For G. Love & Special Sauce, that conversation began back in 1993, when G. Love serendipitously took the stage as a fill-in opening act at the Irish pub where Clemens’s then-girlfriend waited tables. “I’d had this idea that I needed to find a kid who could play blues but also rap, and that’s exactly what I got,” says Clemens. “It was like, ‘This is the kid that’s speaking the language I hear in my head.’” Then 19, G. Love had recently moved to Boston from his native Philadelphia, where he first picked up a guitar at age eight and spent much of his teen years as a street musician. “I grew up right by a place called South Street where there were a lot of street performers, from puppeteers to this guy playing Mozart on wine glasses to classical guitar players,” he says. “One night I was out there and I finished playing a riff on my song and started rapping the lyrics to ‘Paid in Full’ by Eric B. & Rakim over a groove, and I was like, ‘Holy shit—that’s it.’” Heading to Boston the same summer he first started developing that hip-hop/blues hybrid, G. Love quickly connected with Clemens, who then tapped Prescott (a local musician he’d met through a jazz jam session). Within a week the three got together for a rehearsal—featuring G. Love on Dobro guitar, Clemens on a vintage drum kit with brushes instead of sticks, and Prescott on upright bass—and soon began working on songs for their debut album.

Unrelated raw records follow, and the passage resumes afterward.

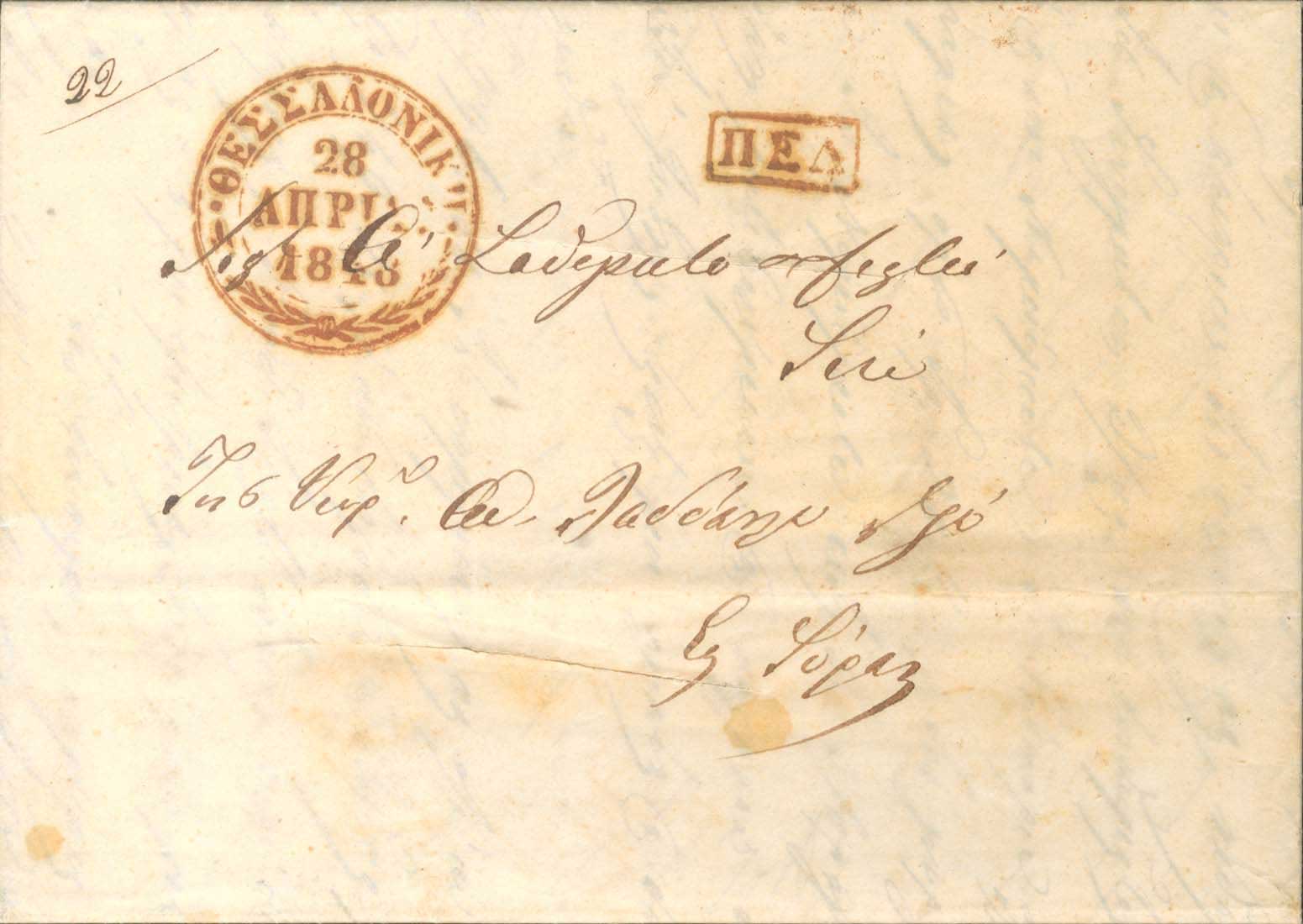 Lot 994 - - Pre-AdhesiveCancellations - A. Karamitsos Postal & Live Internet Auction 754 Lot 994 - - Pre-AdhesiveCancellations - A. Karamitsos Postal & Live Internet Auction 754
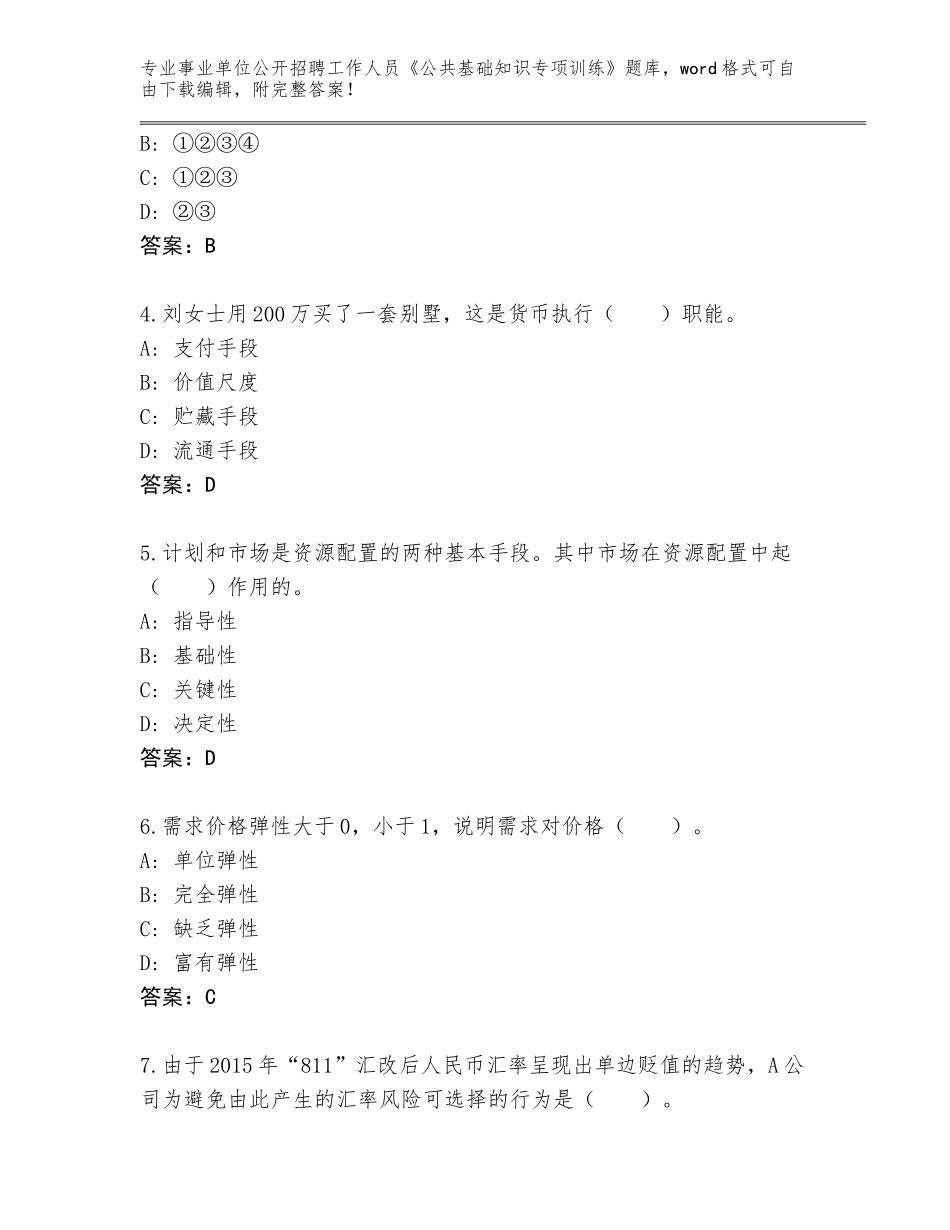 2023-24年山西省阳城县事业单位公开招聘工作人员《公共基础知识专项训练》真题题库附参考答案（满分必刷）_第2页
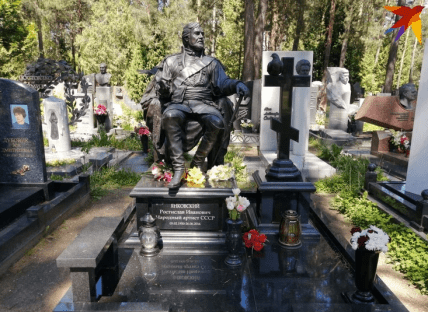 Могила Яростислава Янковского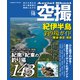 空撮 紀伊半島釣り場ガイド 勝浦・新宮・尾鷲（コスミック出版） [電子書籍]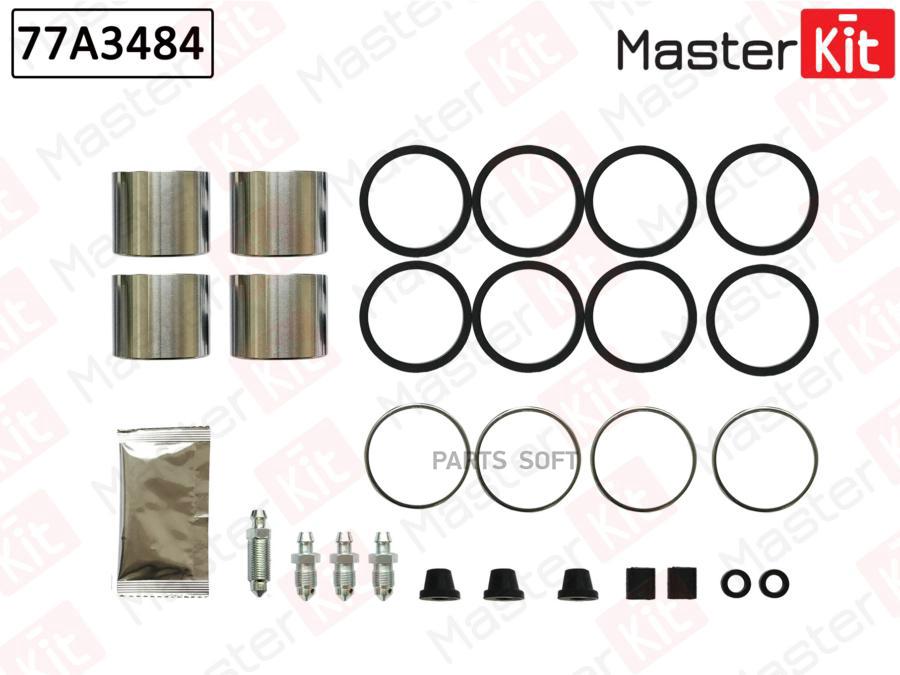 

Ремкомплект Тормозного Суппорта + Поршень Master Kit 77A3484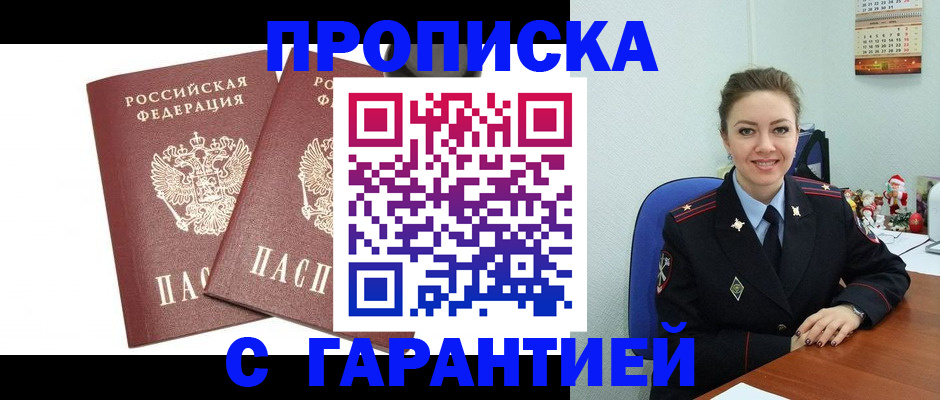 временная регистрация для всех в Нововоронеже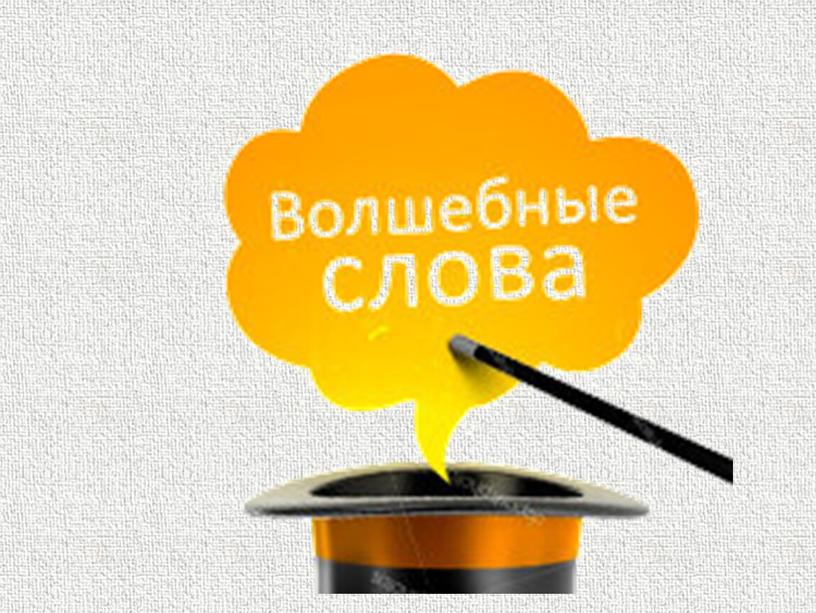 Разработка урока литературного чтения "В.Осеева "Волшебное слово"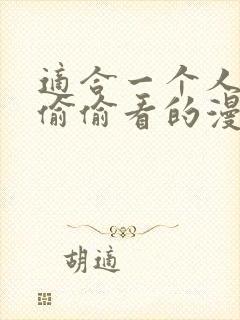 适合一个人晚上偷偷看的漫画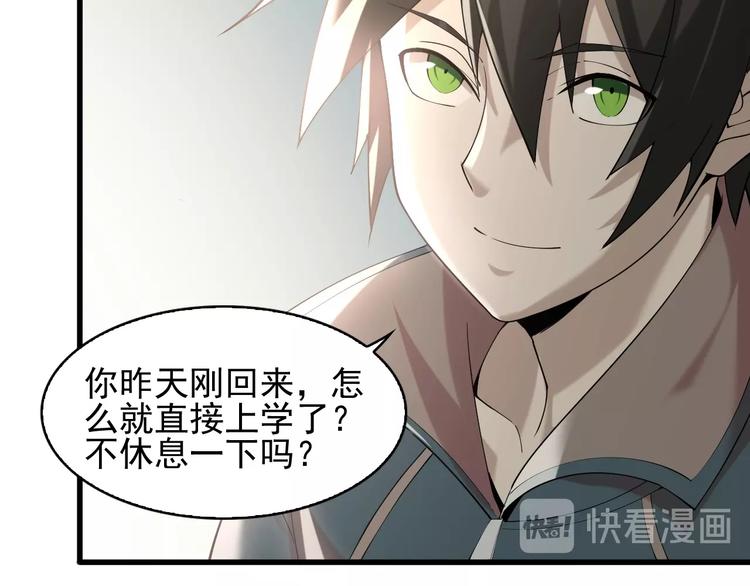 第28话 文曲星命格20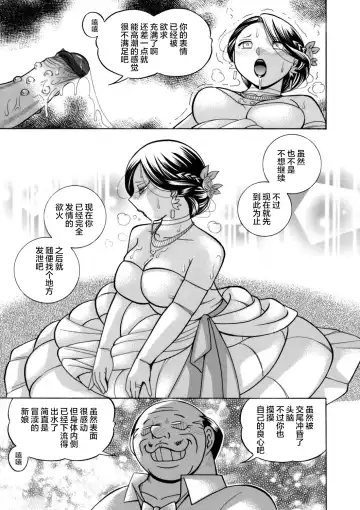 [Chuuka Naruto] Ma Oji Fhentai - Page 137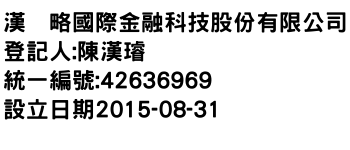 IMG-漢栢略國際金融科技股份有限公司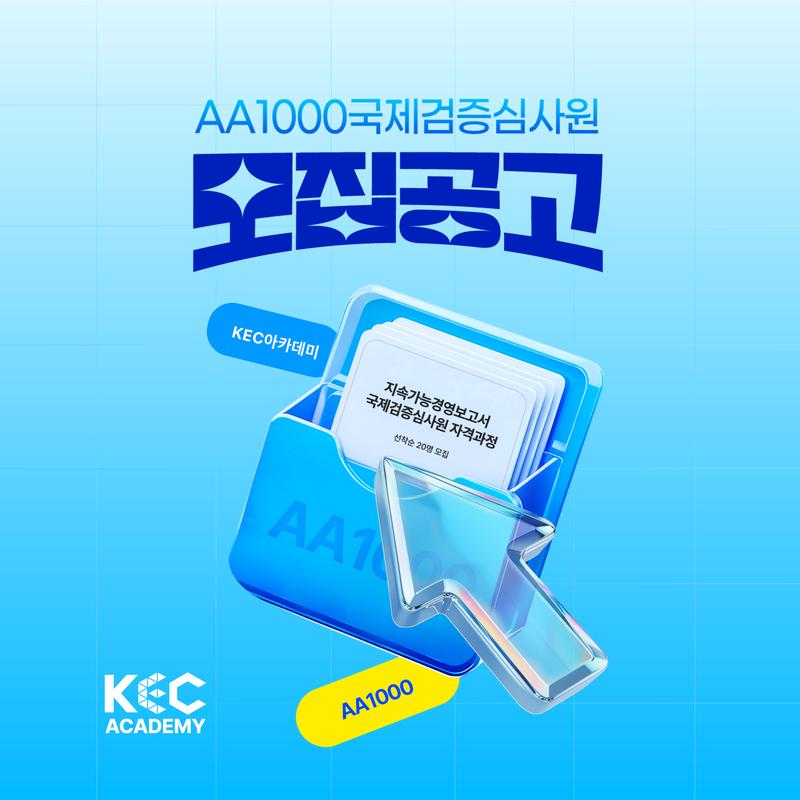 AA1000 국제검증심사원 전문자격과정 2기 모집안내 포스터
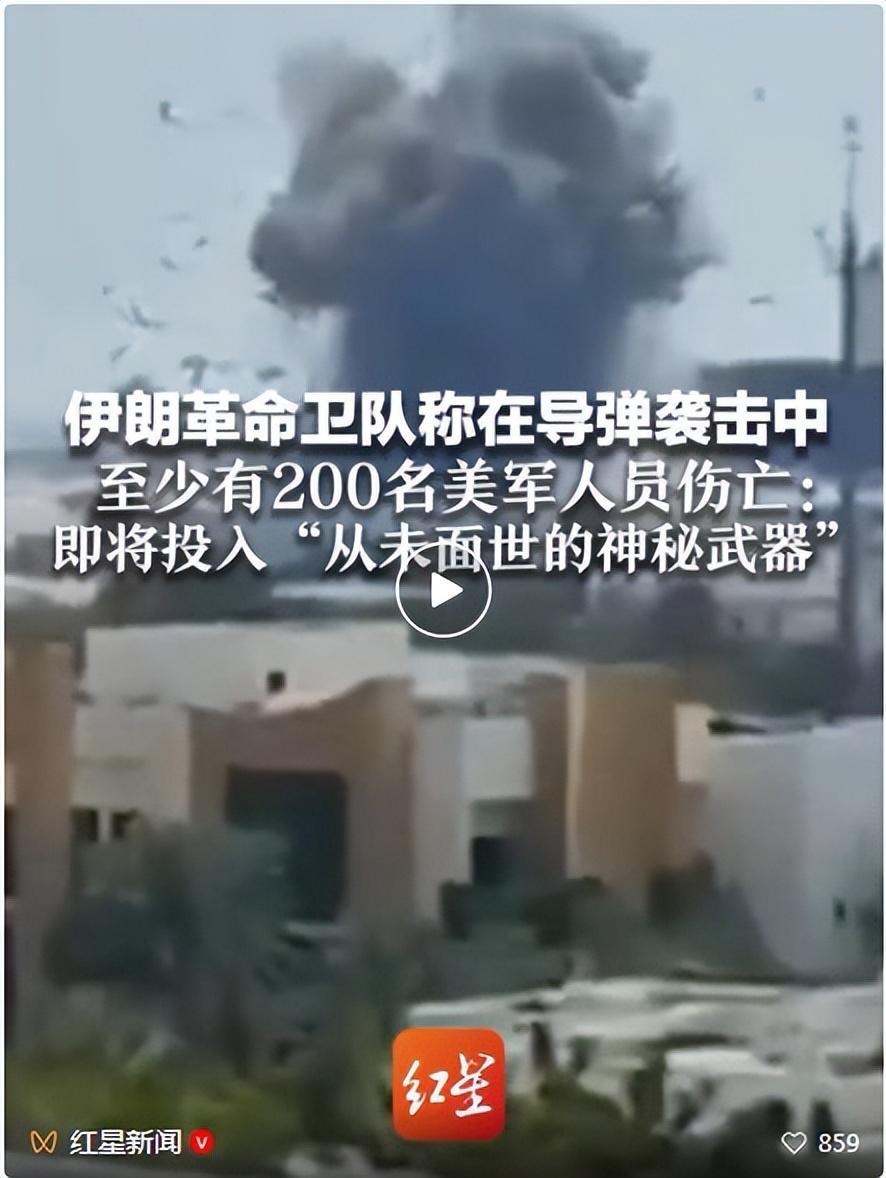 到目前为止，美国的哪些海外军事基地被伊朗打击了？损失如何？截至2026年3月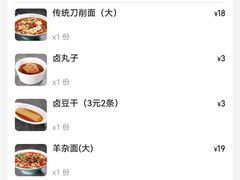 -韩师傅老大同刀削面(北苑路店)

Propelled by hit singles like “Cold Beverage” and “Baby’s Got Sauce,” G. Love and Special Sauce ultimately reached gold status and helped the band build a following that endures today. One of the songs originally written for that album (and inspired by G. Love’s early days in Boston and “those nights when I would just walk around and try to get somebody to buy me a pint of Jim Beam”), “Run for Me” makes its first-ever recorded appearance on Sugar and remains timeless in its portrait of the struggle of pursuing a musical passion. “At first I thought this record was gonna be a heartbreak record about my old relationship, but then the sentiment shifted,” says G. Love. “A lot of the songs became about coming up from where we started to where are now and still keeping it going, still staying afloat,” he continues. “To me that’s a much more interesting story to tell.”